**ABOUT THIS TASK:**
Copy the lines verbatim, beginning with the line that contains "YOEK Damen Culotte in blau" and continuing through the end of the data, and only those lines.

**SUPPLIED INFORMATION:**

⟨

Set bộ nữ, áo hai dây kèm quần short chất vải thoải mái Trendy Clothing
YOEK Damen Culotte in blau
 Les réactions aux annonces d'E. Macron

⟩

**RESULT:**
YOEK Damen Culotte in blau
 Les réactions aux annonces d'E. Macron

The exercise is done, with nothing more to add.